Volpe Center | Center of Innovation for Human Factors Research and System Applications

A Tool for Structured Evaluation of Electronic Flight Bag Usability

Divya Chandra, US DOT Volpe Center, Cambridge, Massachusetts

Return to Volpe EFB Reports and Publications

Abstract

Electronic flight bags (EFBs) are coming into the flight deck, bringing with them a host of human factors challenges. The first step in addressing these challenges was to identify and prioritize them. Good progress has been made on that front by Chandra and Mangold, whose comprehensive document is in active use by industry and the FAA today [1]. Unfortunately, using this document is a daunting task because of its breadth and depth. Our next goal is to develop and test a tool based on the full document that can be used for periodic structured assessments of EFB usability. We expect that this assessment tool will benefit designers, operators, and regulators by providing a structure for EFB human-factors evaluations. Both EFB-specific issues and general user interface topics are covered. The purpose of this report is to document the progress to date on constructing this usability-assessment tool for EFBs. We cover how the tool was developed and tested, what it looks like to date, and how it could be used to help assess and track EFB usability. Further testing is planned to ensure that the tool is usable and to ensure that it adds value to the evaluation process.

Introduction and Background

Electronic Flight Bags (EFBs) are becoming a reality. Several airlines are either actively flying with EFBs, or looking into their options [2-5]. Some of the functions envisioned for EFBs include electronic documents, flight performance calculations, cabin surveillance, surface moving map displays, and display of weather information. Many other proposed functions for EFBs are mentioned in appendices of the recently issued EFB Advisory Circular (AC) 120-76A [6]. This AC provides guidance on a streamlined field approval process for certain types of EFBs, an attractive option for operators looking into deploying EFBs.

There are now a range of EFB solutions on the market, from laptop computers to fully installed devices such as the Astronautics Pilot Information Display offered by Boeing as a forward-fit option on some aircraft [5, 7]. In between are a range of devices to suit various flight decks and budgets. Some units are portable and can be used inside and outside the flight deck (e.g., ADR FG3600^TM or the CMC CT-1000G). These portable devices, which tend to be favored by high-end general aviation operators, are essentially personal computers that run both flight-related software (e.g., JeppView FliteDeck®) and standard desktop software, such as Internet browsers and word processors. Other EFBs are more specifically designed for use in the flight deck (e.g., the mounted Teledyne Controls/Spirent AaVantage® and the tethered Universal Avionics UCD®); these units are designed with the air transport market in mind.
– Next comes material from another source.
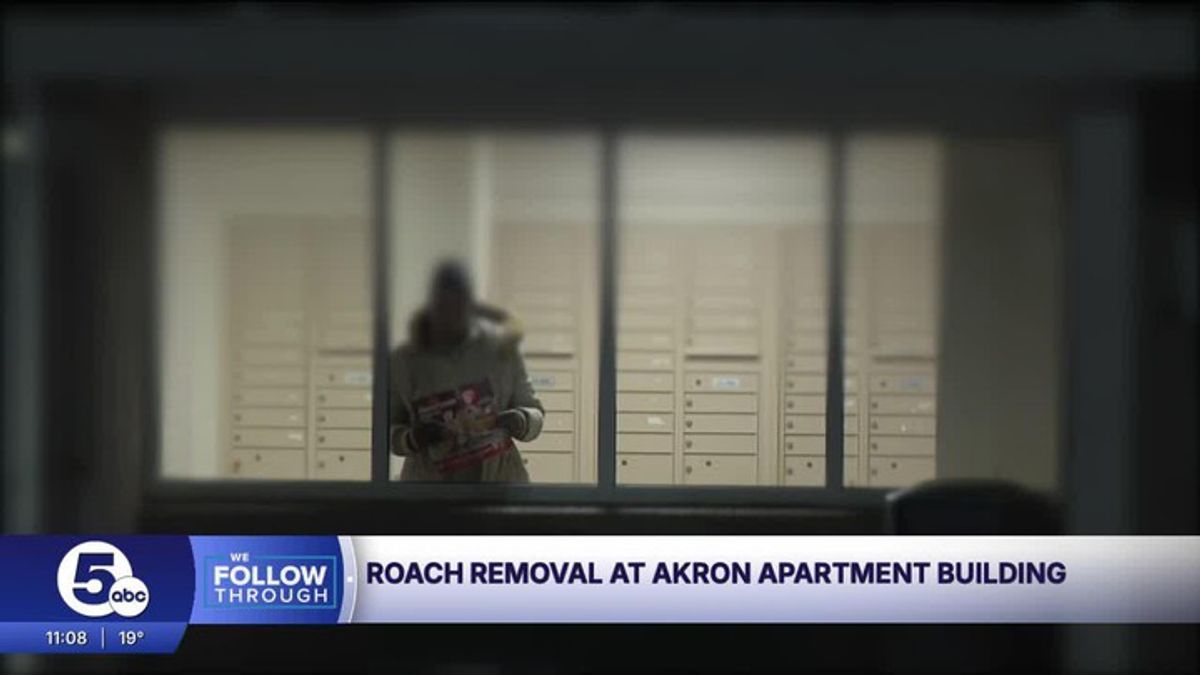 Mail is back at Akron apartment after cockroach infestation suspended ...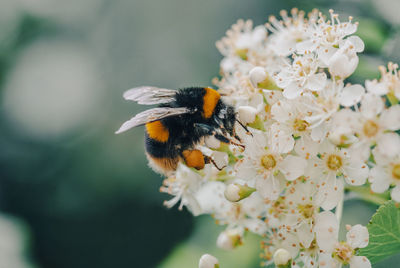 A bee on the flowers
Some time ago, industry and the FAA recognized that human factors concerns would play a key role in the design of EFBs. While EFBs may look like familiar equipment, from a flight deck perspective, they are new and sophisticated devices. For example, they have graphical user interfaces and they can support multiple new functions, such as electronic charts and documents, that could impact established flight deck procedures. With all these capabilities, EFBs could well play a central role in the future of flight deck information management [8]. In the future, EFBs may develop uses that we cannot even foresee today.
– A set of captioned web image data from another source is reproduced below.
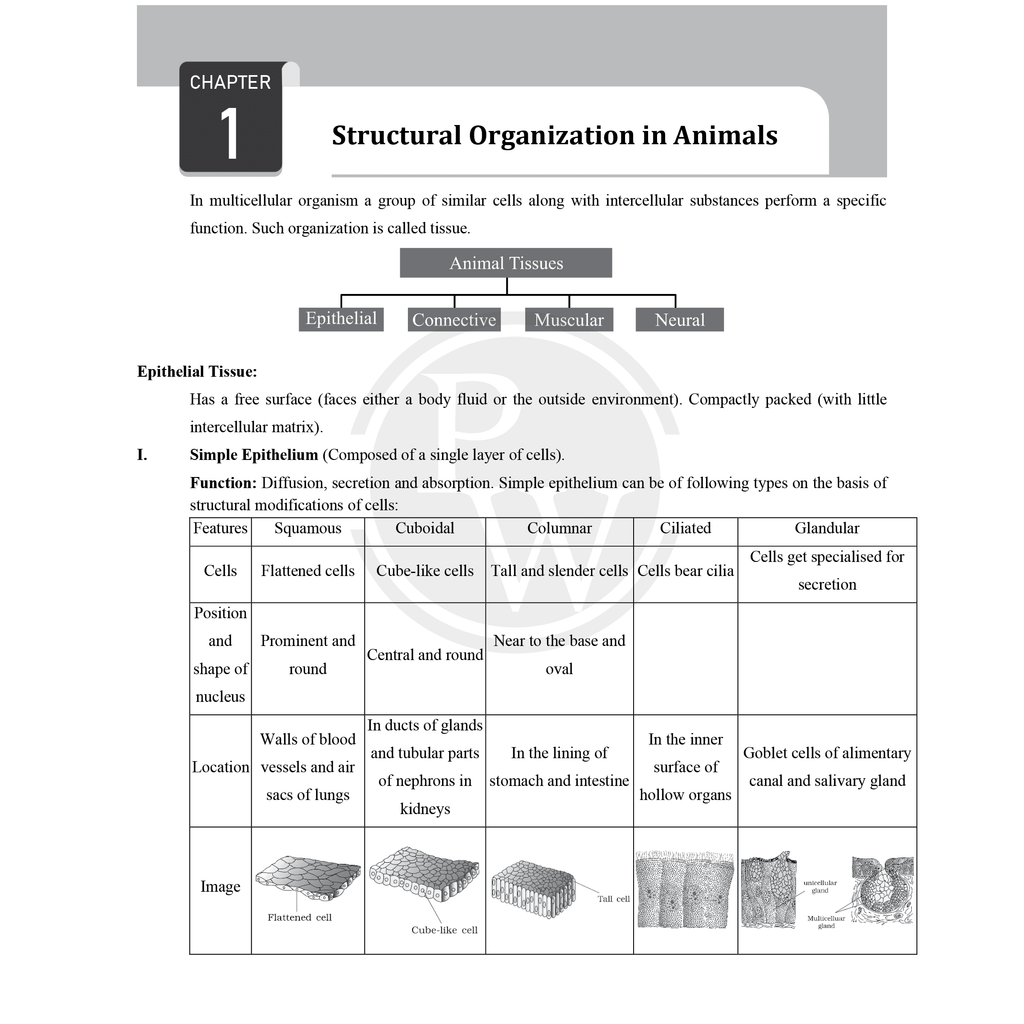 CBSE Class 11 Formula Handbook For 2026 Exams | Chapterwise Key Formulas | Physics, Chemistry, Biology and Mathematics | Conceptual Summaries & Quick Revision Notes
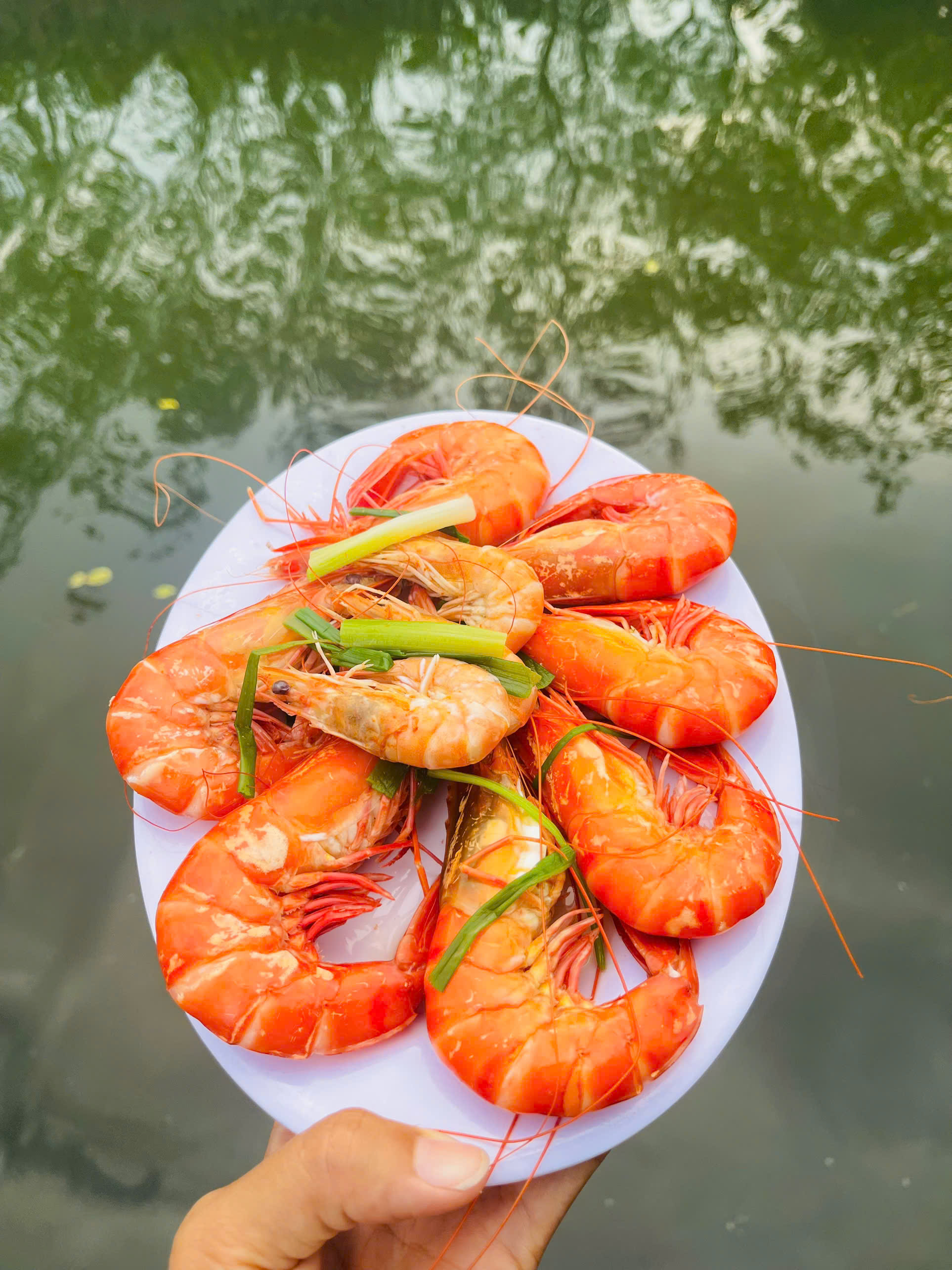 Gặp người phụ nữ "giàu nhất Phá Tam Giang" và câu chuyện biến vùng đất hoang sơ thành miền ký ức!- Ảnh 10.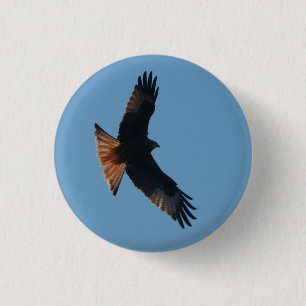 Red Kite Badge Ronde Button 3,2 Cm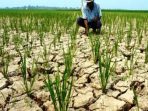 Hujan Tidak Turun, Petani Kutim Terancam Gagal Panen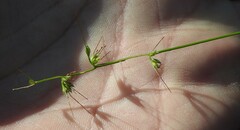 Oplismenus hirtellus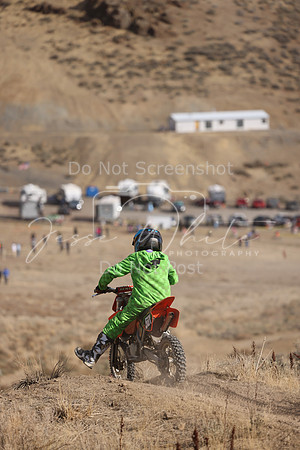 IMG_4766-56y
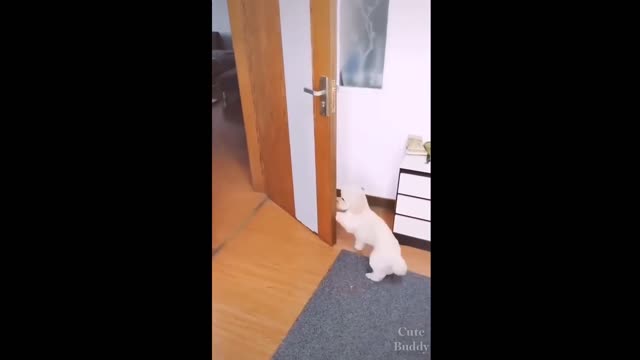 Smart dog get himself ready to bed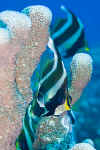 LL_pennant_bannerfish.jpg (234285 bytes)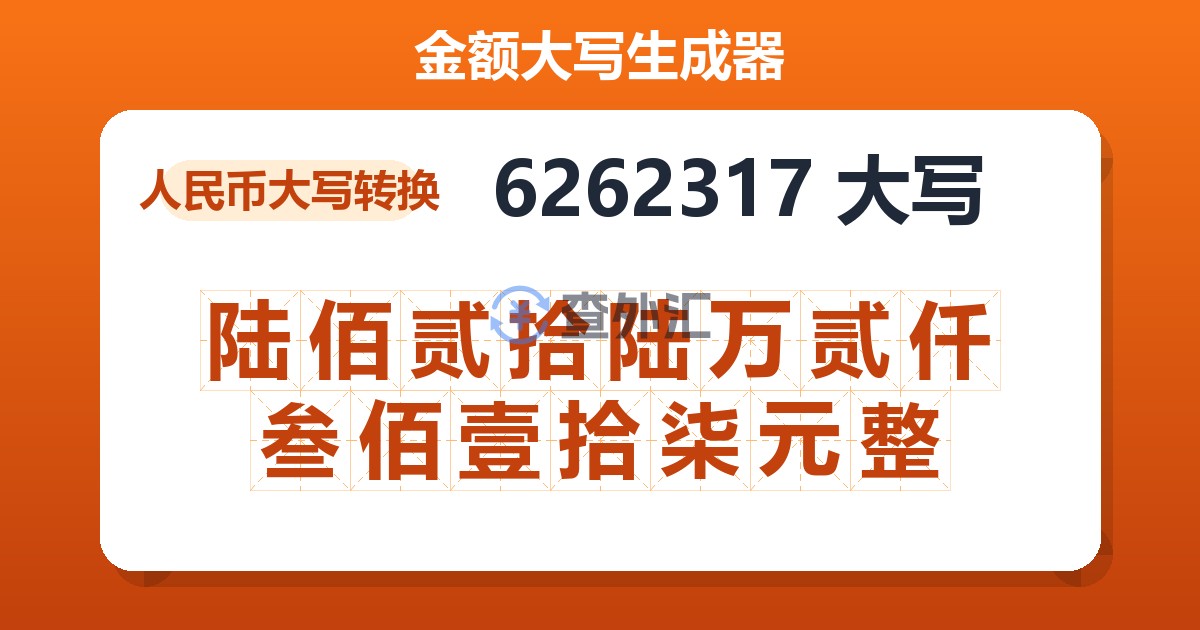6262317大写 陆佰贰拾陆万贰仟叁佰壹拾柒元整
In 1999, the Volpe Center was tasked with identifying and prioritizing EFB human factors considerations in support of the draft EFB AC. Working with the FAA and the Air Transport Association Digital Data Working Group, Volpe produced a lengthy document in September 2000 on EFB human factors considerations [1]. This report is referenced in the EFB AC, along with other documents that show the FAA's commitment to ensuring that human factors issues are addressed in the evaluation of new flight deck devices [9, 10]. In addition, topics from the Volpe document that were considered especially important are brought into the main text of the EFB AC [6].

Chandra and Mangold [1] contains an extensive list of human factors topics that EFB designers and evaluators need to consider. Its format was crafted for use by system developers, operators, and evaluators who are not necessarily human-factors specialists. The document has been distributed widely and is actively in use by EFB developers and customers. It contains guidance on system considerations that could apply to any EFB as well as three specific functions: electronic documents, electronic checklists, and flight performance calculations. The purpose of this document is not to tell designers how to build an EFB, but rather to help them make informed choices. Established user interface design principles are described, recommendations are made, tradeoffs are described, and sources for more information are referenced. The document is discussed in more detail elsewhere [11].

While Chandra & Mangold [1] is valued as a comprehensive and readable reference, using it to keep track of human factors issues that arise during EFB development and regulatory evaluations is a daunting task because of its breadth and depth. The original document contains nearly 80 topics, and an updated version, due out soon, will contain approximately 100 topics. In order to ensure that it can be used effectively by evaluators and designers, our next goal is to develop and test a tool based on the full document that can be used for periodic structured assessments of EFB usability.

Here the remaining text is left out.